Un nuevo informe de la FAO lanza la voz de alarma sobre algunas de las crisis en el mundo que sufren mayor carencia de fondos y que a raíz de eventos recientes necesitan una respuesta humanitaria urgente y ayuda agrícola de emergencia.

Afganistán, Sudán y Siria afectadas por la sequía, Bangladesh golpeado por una temporada de monzones severa, un repunte de la violencia en la República Centroafricana, la próxima temporada de huracanes en Haití y la temporada de carestía en Iraq, Myanmar y el Sahel, podrían empujar a millones de personas al hambre y la inseguridad alimentaria agudas, amenazando su bienestar, sus vidas y su futuro.

Sin apoyo urgente a los medios de vida basados en la agricultura, existe un riesgo real de que la situación se deteriore aún más en estas zonas afectadas en la segunda mitad de 2018, con un aumento del hambre y de las necesidades humanitarias. En algunos de estos países, la financiación recibida para iniciativas humanitarias de apoyo a los medios de subsistencia está lejos de cubrir las necesidades.

Para estas crisis que sufren una grave carencia de fondos, la FAO necesita urgentemente 120 millones de dólares para asistir a 3,6 millones de personas durante lo que queda de este año. La FAO ha recibido menos del 30 por ciento de los 1 000 millones de dólares EEUU solicitados a principios de año para atender las necesidades urgentes de 33 millones de personas en el mundo. Para algunas crisis, la FAO ha recibido tan solo el 6 por ciento de los fondos necesarios, dejando a millones de personas en riesgo de padecer hambre aguda.
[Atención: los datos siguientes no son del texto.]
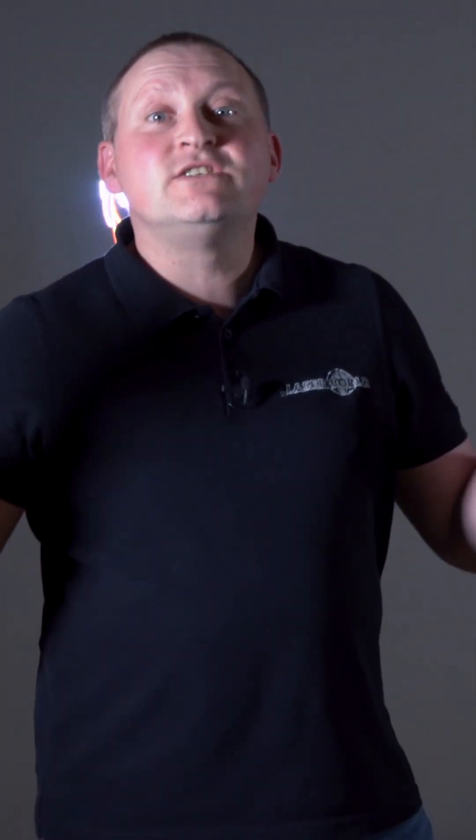People keep asking me: what is your favorite laser? What is the laser that you use if you have to go out to do any kind of demo, customer demo, any kind of graphics, any kind of more sophisticated stuff — and what is your everyday laser?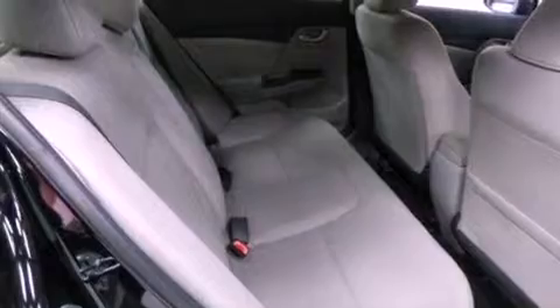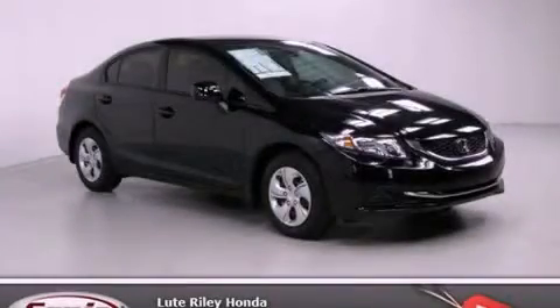This automobile won't last long at this price. Call and arrange a test drive now.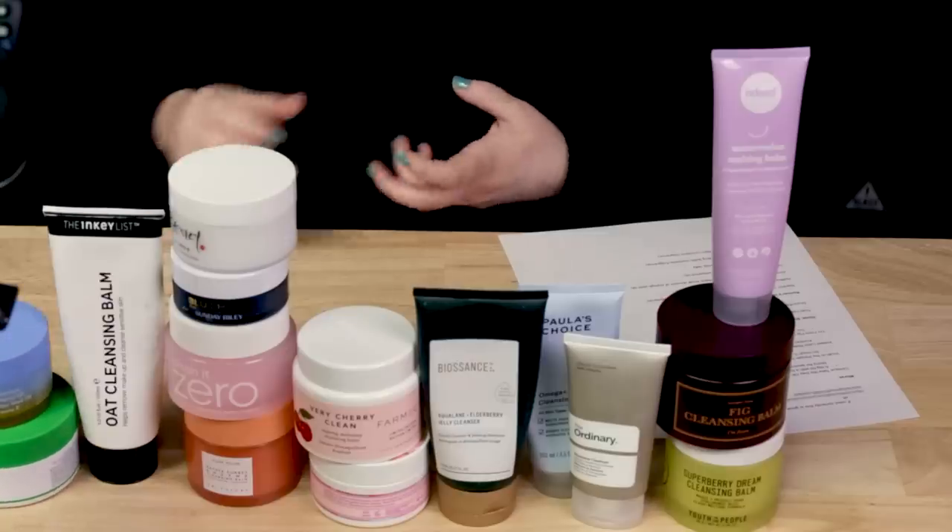And then I have a few runners-up — a lot of runners-up. So I'm just going to list them. The Holly Frog Kissimmee Vitamin F Cleansing Balm — I think they recently reformulated this slightly. And the Starskin Celery Juice Cleansing Balm.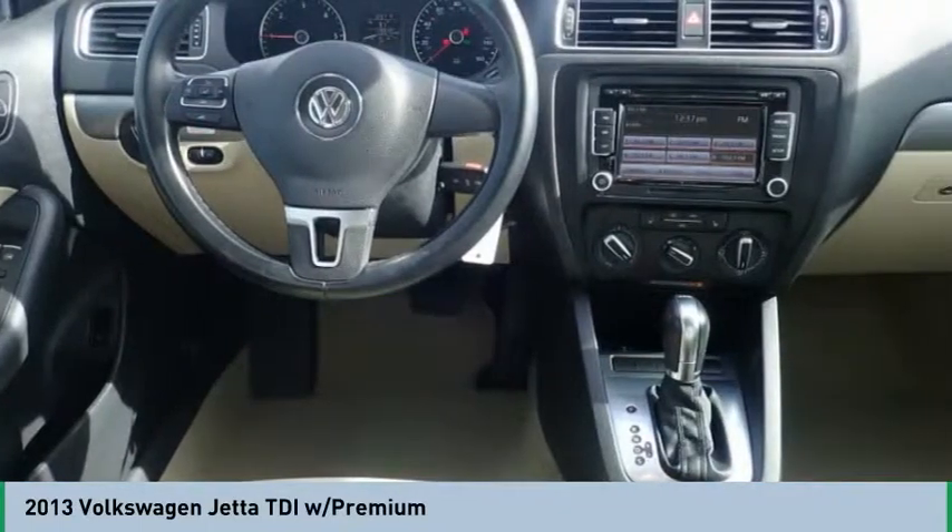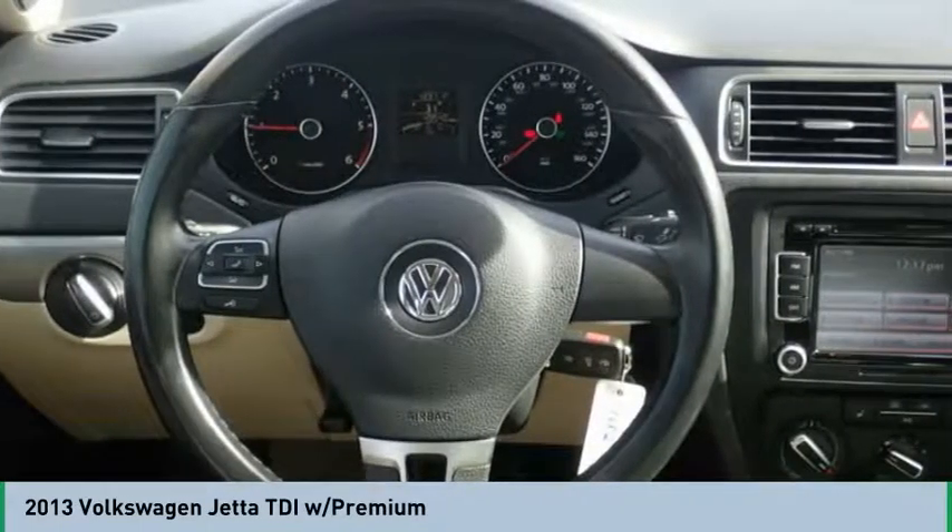Searching for a dependable vehicle that looks great too? You've found it, so stop in today.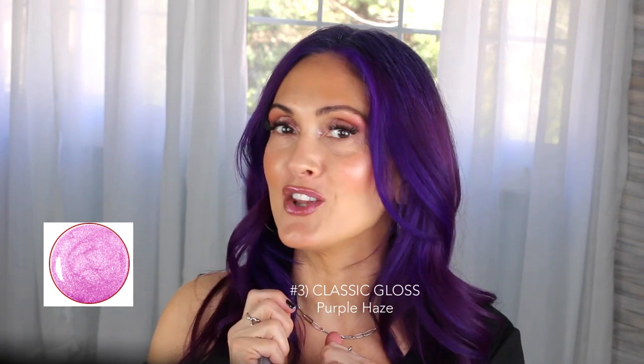This next gloss is called Purple Haze and it's going to match my hair. It has these beautiful flecks of purple that give just a hint of that beautiful purple in the gloss. It really depends how much you want to put on — I like loading it on to get that really glossy look.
En Siria, por ejemplo, las últimas señales indican que la sequía en algunas partes del país podría agravar el impacto de años de conflicto y desplazamiento de población, amenazando con mermar aún más la producción alimentaria. A pesar de desafíos enormes, el sector agrícola continúa aportando casi la mitad del suministro de alimentos en el país, actuando de salvavidas para millones de personas vulnerables.
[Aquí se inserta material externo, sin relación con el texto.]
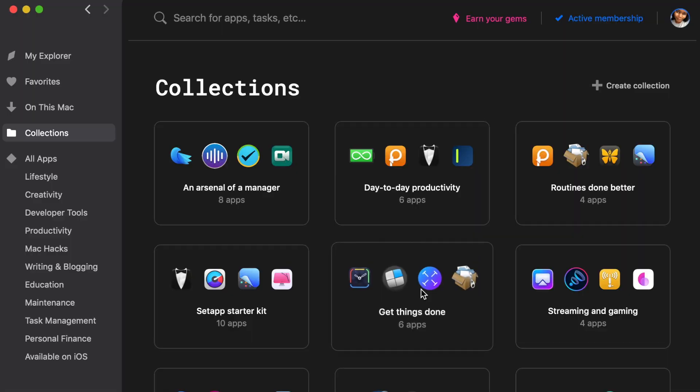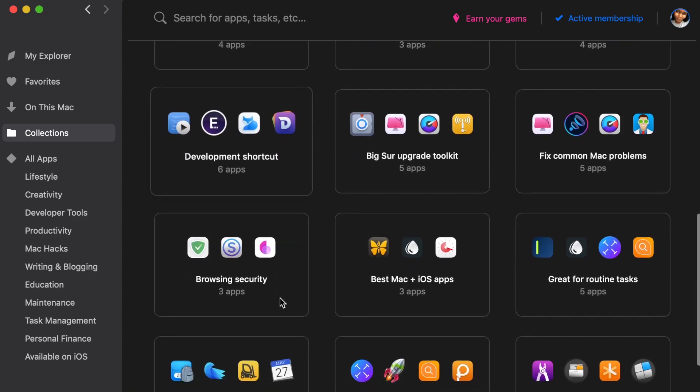Setapp has collections that I really like. Collections mean that they put together different applications that fit into different themes — they might have a collection on productivity, a collection on photo editing, and so on. This helps you find the app you need to do your work quicker. They're all about helping you be more productive and get to work faster. I watched a couple of their ads, which I'll link in the description — some of them were actually very funny.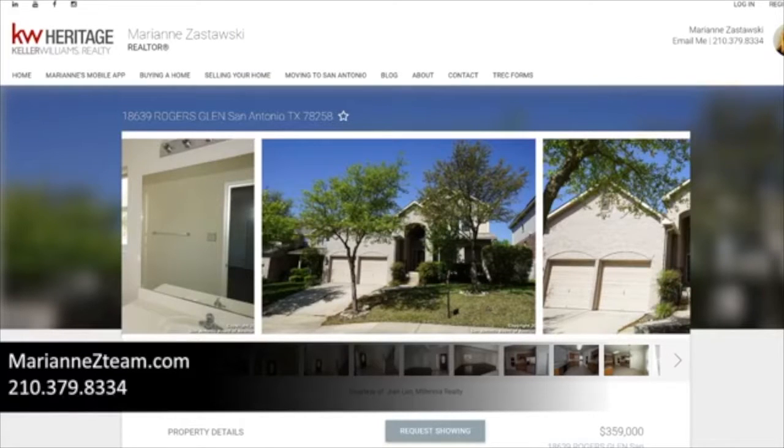Today I am so excited to take you inside a very highly sought-after neighborhood called Rogers Ranch. Rogers Ranch is located between 281 and I-10, right off of 1604, making it extremely convenient to major employers as well as shopping and fun activities. The first house has a highly motivated seller — it's at 18639 Rogers Glen, listed for $359,000.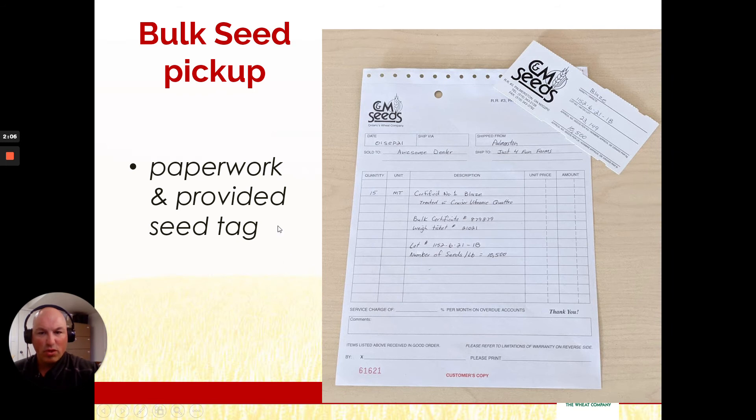When you pick up bulk seed it will also be listed in two places: number one on the paperwork that you receive with the bulk seed, and number two on the tag that you receive to go out with your bulk seed.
Las comunidades pastoriles en el Sahel luchan en especial para hacer frente a los efectos de la sequía del año pasado, además de los conflictos en curso y la inseguridad en la región. Requieren asistencia urgente para mantener sus rebaños y hacer frente al aumento del hambre.

Las necesidades humanitarias continúan también siendo notables en el Sudán, impulsadas por una combinación de altos precios alimentarios, la próxima temporada de carestía, desplazamiento de población, deterioro de los medios de subsistencia, pobreza subyacente e impacto de riesgos naturales como la sequía.
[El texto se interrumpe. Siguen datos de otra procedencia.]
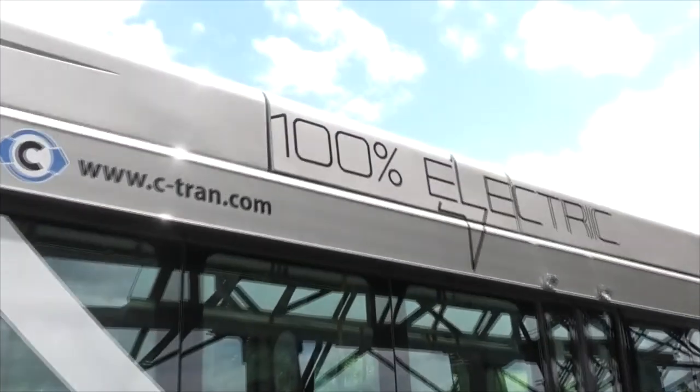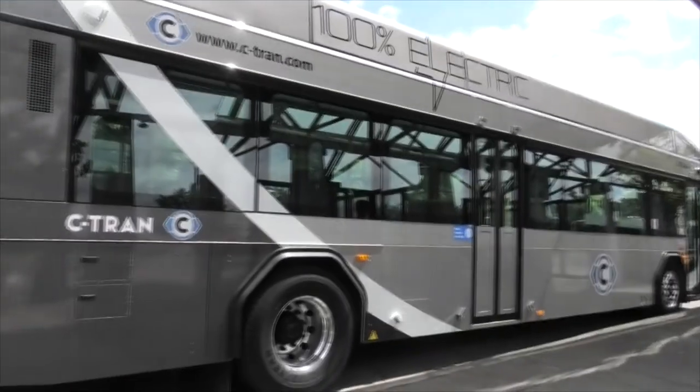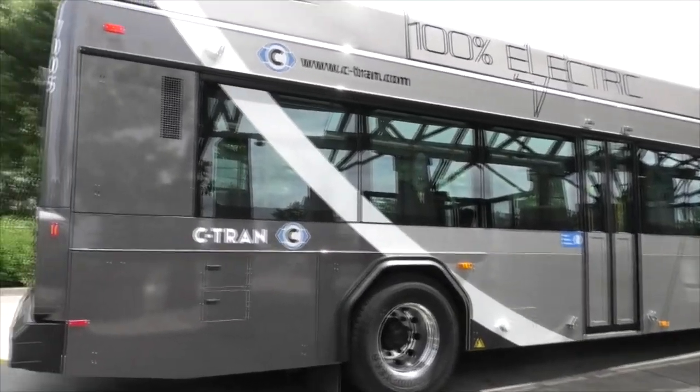Welcome to TriMet 101. Today we're going to be talking about C-Tran, not TriMet. I've already done a video on my pros and cons for C-Tran, which I'll link up here, but after being on it quite a few more times since then, I've learned to really, really like C-Tran.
La respuesta de emergencia de la FAO en los países afectados incluirá semillas de cultivos y hortalizas, aperos agrícolas y piensos, rehabilitación de infraestructuras hídricas y puntos de agua, campañas de vacunación del ganado y tratamientos zoosanitarios, gestión mejorada de suelos y aguas, transferencias de efectivo e iniciativas de dinero en efectivo por trabajo.